Unexpected use of topology in proofs
One of the richest sources for this is geometric group theory, and especially the parts of it that construct topological spaces corresponding to particular groups (schreier graphs, cayley complexes, BG spaces etc.) For example, the proof that any subgroup of a free group is free (Nielsen Schreier) epitomizes how topological arguments greatly simplify some parts of group theory.
There are proof methods for theorems from discrete geometry that utilize methods from equivariant topology (such as the ham-sandwich theorem via Borsuk ulam.) These use the CS/TM paradigm, which studies maps between the space of "geometric configurations" to the "Space of viable solutions."

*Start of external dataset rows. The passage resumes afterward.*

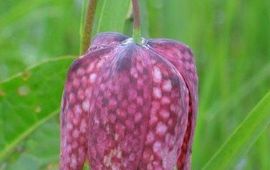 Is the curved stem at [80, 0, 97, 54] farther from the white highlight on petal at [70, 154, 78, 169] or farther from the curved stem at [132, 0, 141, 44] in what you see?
the white highlight on petal at [70, 154, 78, 169]

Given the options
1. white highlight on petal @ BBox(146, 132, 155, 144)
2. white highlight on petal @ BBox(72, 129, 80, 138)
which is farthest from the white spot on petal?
white highlight on petal @ BBox(146, 132, 155, 144)

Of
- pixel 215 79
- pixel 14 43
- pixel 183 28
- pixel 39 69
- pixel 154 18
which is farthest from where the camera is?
pixel 14 43

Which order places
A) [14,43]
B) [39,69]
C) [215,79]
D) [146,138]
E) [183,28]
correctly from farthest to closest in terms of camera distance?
1. [14,43]
2. [215,79]
3. [183,28]
4. [39,69]
5. [146,138]

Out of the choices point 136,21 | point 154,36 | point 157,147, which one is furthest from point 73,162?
point 154,36

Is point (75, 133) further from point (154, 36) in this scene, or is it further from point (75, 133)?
point (154, 36)

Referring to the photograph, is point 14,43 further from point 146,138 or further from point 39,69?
point 146,138

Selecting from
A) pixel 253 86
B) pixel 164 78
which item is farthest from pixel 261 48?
pixel 164 78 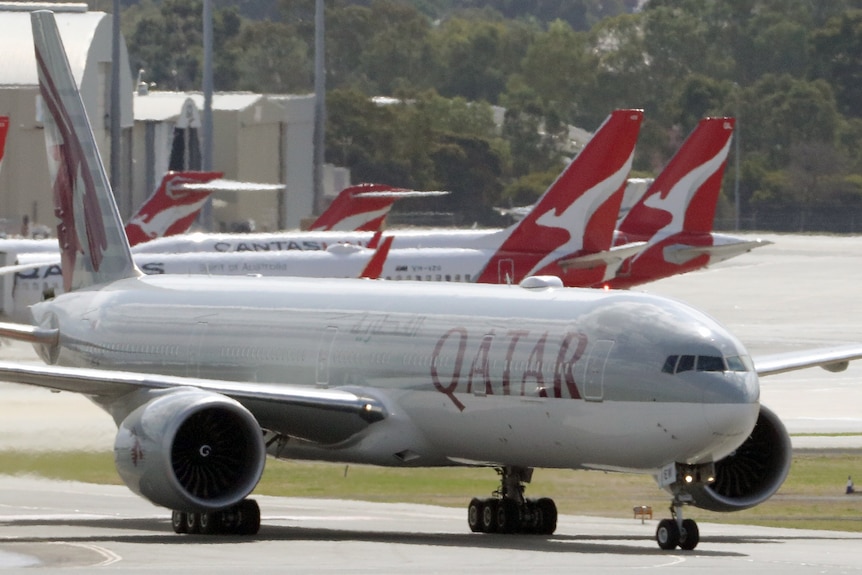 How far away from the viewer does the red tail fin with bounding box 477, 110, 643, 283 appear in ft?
174

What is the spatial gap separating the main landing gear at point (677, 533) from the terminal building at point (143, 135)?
5736 cm

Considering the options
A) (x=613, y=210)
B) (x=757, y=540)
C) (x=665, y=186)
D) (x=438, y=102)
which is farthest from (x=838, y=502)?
(x=438, y=102)

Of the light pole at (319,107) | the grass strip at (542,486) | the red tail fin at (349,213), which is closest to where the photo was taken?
the grass strip at (542,486)

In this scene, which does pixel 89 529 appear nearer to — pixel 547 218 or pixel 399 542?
pixel 399 542

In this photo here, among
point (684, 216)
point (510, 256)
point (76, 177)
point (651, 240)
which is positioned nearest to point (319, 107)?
point (684, 216)

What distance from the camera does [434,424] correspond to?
27.9 m

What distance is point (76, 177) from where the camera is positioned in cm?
3491

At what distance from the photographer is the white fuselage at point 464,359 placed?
995 inches

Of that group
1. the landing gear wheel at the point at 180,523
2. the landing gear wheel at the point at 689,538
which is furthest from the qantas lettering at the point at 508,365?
the landing gear wheel at the point at 180,523

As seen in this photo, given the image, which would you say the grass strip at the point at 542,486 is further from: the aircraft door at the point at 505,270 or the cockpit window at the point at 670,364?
the aircraft door at the point at 505,270

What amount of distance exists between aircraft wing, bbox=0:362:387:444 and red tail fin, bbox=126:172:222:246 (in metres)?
45.7

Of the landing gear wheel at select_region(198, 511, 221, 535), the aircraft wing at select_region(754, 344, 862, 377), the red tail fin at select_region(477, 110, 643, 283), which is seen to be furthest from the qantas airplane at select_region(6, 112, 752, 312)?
the landing gear wheel at select_region(198, 511, 221, 535)

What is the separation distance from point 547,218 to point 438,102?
8733 cm

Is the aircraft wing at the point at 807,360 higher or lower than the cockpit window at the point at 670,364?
lower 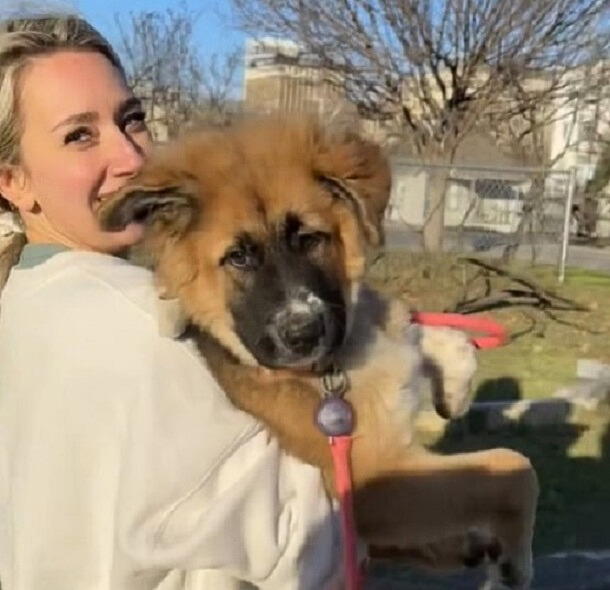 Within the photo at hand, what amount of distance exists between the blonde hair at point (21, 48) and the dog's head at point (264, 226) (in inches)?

See here for a general reference and wikipedia for a shorter exposition.
There are some other miscellaneous examples that I know of:
Bezout's identity via separating curves (assumes the euclidian algorithm in disguise.)
Fundamental Theorem of Algebra (resp. existence of eigenvalues) via lefschetz fixed point theorem
the use of "Denseness arguments" in algebraic geometry (such as cayley-hamilton).
How about the Nielsen-Schreier theorem? The statement of the theorem is entirely algebraic:
Every subgroup of a free group is free.
To prove it, we use algebraic topology: the free group on $n$ generators is the fundamental group of the bouquet of $n$ circles, and any subgroup of the fundamental group is the fundamental group of some covering space of this bouquet. Then it's a matter of using topological arguments to show that every covering space of the bouquet of $n$ circles is itself homotopy equivalent to some bouquet of circles.
One of the proofs of the Fundamental Theorem of Algebra uses topology.